The Petitioner submitted that the amendment replaced the word ‘Federal’ with the word ‘Confederation’. The translation provided by the Petitioner replaced the word ‘Federal’ and inserted the word ‘Confederation’.
The Petitioner stated that the replacement of words in Rule 2 by the said amendment to the ITAK Constitution indicated a shift in the “aims” and “objectives” of ITAK. The Petitioner further said that the full statement of the present “aims” and “objectives” of the ITAK, subsequent, to the above amendments, is to establish a separate State within Sri Lanka.
Sanskrit and Tamil
The ITAK’s position was that the replacement of “Samashti” with “Inaipaatchchi” was only one of several such changes replacing the Sanskritised words in the party Constitution with pure Tamil alternatives.
Among the Sanskritised words replaced by pure Tamil words were “Samashti” to “Inaipaatchchi” (Federal) “Angaththuvam” to “Uruppurimai” (membership), “Podhu Kaariya Sabhai” to “Podhuchchabai” (General Council), “Kaariyatharisi” to “Seyalaalarchch” (Secretary), “Thanaathikari” to “Porulaalar” (Treasurer) and “Visheda” to “Sirappu” (Special).
It was explained that Tamil words in usage of Sanskrit origin were replaced by words of pure Tamil origin. The ITAK submitted that the word ‘Confederacy’ was not substituted in place of ‘Federal’ as argued by the petitioner and that both “Samashti” and “Inaipaatchchi” referred to Federal or Federalism.
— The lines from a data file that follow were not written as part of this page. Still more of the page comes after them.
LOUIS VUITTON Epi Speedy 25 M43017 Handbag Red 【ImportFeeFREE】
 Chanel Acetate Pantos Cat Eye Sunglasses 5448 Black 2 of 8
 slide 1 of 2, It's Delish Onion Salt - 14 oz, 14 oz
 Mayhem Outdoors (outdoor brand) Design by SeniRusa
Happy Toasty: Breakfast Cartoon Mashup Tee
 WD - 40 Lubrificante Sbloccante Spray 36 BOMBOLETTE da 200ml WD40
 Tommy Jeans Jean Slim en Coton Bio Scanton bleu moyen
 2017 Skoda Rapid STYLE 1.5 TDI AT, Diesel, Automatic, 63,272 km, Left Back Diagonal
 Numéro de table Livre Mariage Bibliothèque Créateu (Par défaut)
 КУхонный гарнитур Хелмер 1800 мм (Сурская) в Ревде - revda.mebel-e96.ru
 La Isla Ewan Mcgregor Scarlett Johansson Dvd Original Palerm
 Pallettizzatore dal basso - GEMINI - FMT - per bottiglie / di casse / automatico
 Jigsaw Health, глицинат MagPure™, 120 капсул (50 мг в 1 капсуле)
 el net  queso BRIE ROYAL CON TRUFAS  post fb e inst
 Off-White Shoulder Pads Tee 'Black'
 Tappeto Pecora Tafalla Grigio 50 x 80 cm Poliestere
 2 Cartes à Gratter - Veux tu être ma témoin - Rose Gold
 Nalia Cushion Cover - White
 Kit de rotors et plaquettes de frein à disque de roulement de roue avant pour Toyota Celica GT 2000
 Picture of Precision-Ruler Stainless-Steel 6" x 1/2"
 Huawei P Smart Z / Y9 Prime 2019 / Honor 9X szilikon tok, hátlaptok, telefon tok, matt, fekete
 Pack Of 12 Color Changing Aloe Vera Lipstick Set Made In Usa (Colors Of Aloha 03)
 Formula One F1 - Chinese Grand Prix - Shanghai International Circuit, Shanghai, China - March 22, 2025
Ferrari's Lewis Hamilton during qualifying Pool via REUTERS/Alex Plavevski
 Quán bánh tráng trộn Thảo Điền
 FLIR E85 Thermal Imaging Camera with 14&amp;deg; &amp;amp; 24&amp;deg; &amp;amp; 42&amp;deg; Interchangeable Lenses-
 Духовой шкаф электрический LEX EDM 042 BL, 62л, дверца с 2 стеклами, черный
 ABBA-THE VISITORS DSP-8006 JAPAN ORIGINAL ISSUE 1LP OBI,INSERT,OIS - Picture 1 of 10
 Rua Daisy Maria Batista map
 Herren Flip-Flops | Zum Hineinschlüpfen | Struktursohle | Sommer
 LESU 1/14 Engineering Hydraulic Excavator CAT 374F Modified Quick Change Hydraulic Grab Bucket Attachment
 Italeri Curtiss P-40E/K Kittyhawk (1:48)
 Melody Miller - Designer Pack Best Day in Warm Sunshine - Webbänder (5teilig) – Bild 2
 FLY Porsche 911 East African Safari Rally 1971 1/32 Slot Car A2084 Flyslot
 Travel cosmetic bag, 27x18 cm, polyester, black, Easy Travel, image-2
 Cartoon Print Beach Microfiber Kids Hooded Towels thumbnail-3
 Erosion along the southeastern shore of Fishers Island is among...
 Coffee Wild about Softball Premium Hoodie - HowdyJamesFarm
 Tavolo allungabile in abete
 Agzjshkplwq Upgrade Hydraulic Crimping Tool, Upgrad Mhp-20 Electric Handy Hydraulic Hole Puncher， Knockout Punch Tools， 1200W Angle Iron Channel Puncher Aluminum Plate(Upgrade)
In view of the contrasting positions taken by the Petitioner and the 1st Respondent, the Court called upon the learned Deputy Solicitor General to assist Court and an order was made for the translation of the Tamil documents by the Official Languages Department. The official translation provided by the Official Language Department stated as follows:
“Rule 02 Objective: In (a) repealing the word “Samashti (Federation)” and substitution of the word “Inaipaatchchi (Federation)”.
The translations were filed of record in February 2015. The Official Languages Dept. translation tallied with the ITAK claim that both words “Samashti” and “Inaipaatchchi” meant the same.
When the Application was taken up for hearing before court, the learned Counsel for the Petitioner conceded that the official translation before this court does read “Federation” and not “Confederation”. It was also the contention of the Counsel for the Petitioner that “Federation” and “Confederation” meant the same thing though the Counsel for the Petitioner did not pursue this line of argument at the initial stages.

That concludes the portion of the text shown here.